» RECORDED DATA:
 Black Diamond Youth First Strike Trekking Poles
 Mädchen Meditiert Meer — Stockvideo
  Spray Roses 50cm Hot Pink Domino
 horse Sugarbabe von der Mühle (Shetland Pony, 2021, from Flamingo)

--

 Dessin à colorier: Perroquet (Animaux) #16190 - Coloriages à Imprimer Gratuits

» THE PROBLEM:
The reply should hold only the lines of the listing above starting at the line containing "Spray Roses 50cm Hot Pink Domino" and ending at the line containing "horse Sugarbabe von", exactly as written.

» ANSWER FOR THE TASK:
  Spray Roses 50cm Hot Pink Domino
 horse Sugarbabe von der Mühle (Shetland Pony, 2021, from Flamingo)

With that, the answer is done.